WORK ITEM. Please write out word for word the opening lines of the material, including the line with "HASBI RABBI//OFFICIAL TEUNGKU DIBALE//2022" as the last.
#### AVAILABLE DATA ####
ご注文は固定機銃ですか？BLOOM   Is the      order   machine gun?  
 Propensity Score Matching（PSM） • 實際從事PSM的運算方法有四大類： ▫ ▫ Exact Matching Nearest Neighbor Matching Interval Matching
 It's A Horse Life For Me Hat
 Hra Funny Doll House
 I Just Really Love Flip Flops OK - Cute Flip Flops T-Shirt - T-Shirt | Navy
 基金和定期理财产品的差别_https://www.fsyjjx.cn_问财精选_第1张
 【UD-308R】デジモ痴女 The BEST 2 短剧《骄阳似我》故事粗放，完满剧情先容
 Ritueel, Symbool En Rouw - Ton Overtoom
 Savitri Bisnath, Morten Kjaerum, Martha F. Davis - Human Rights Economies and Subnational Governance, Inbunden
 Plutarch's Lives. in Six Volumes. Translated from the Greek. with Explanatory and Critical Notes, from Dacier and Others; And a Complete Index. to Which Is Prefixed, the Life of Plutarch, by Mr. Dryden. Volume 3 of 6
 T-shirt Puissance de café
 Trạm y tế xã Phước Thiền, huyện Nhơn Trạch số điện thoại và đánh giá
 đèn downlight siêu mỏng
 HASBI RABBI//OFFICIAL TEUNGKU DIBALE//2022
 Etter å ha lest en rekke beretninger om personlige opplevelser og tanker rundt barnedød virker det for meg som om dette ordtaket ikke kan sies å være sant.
####
SOLUTION BELOW.
ご注文は固定機銃ですか？BLOOM   Is the      order   machine gun?  
 Propensity Score Matching（PSM） • 實際從事PSM的運算方法有四大類： ▫ ▫ Exact Matching Nearest Neighbor Matching Interval Matching
 It's A Horse Life For Me Hat
 Hra Funny Doll House
 I Just Really Love Flip Flops OK - Cute Flip Flops T-Shirt - T-Shirt | Navy
 基金和定期理财产品的差别_https://www.fsyjjx.cn_问财精选_第1张
 【UD-308R】デジモ痴女 The BEST 2 短剧《骄阳似我》故事粗放，完满剧情先容
 Ritueel, Symbool En Rouw - Ton Overtoom
 Savitri Bisnath, Morten Kjaerum, Martha F. Davis - Human Rights Economies and Subnational Governance, Inbunden
 Plutarch's Lives. in Six Volumes. Translated from the Greek. with Explanatory and Critical Notes, from Dacier and Others; And a Complete Index. to Which Is Prefixed, the Life of Plutarch, by Mr. Dryden. Volume 3 of 6
 T-shirt Puissance de café
 Trạm y tế xã Phước Thiền, huyện Nhơn Trạch số điện thoại và đánh giá
 đèn downlight siêu mỏng
 HASBI RABBI//OFFICIAL TEUNGKU DIBALE//2022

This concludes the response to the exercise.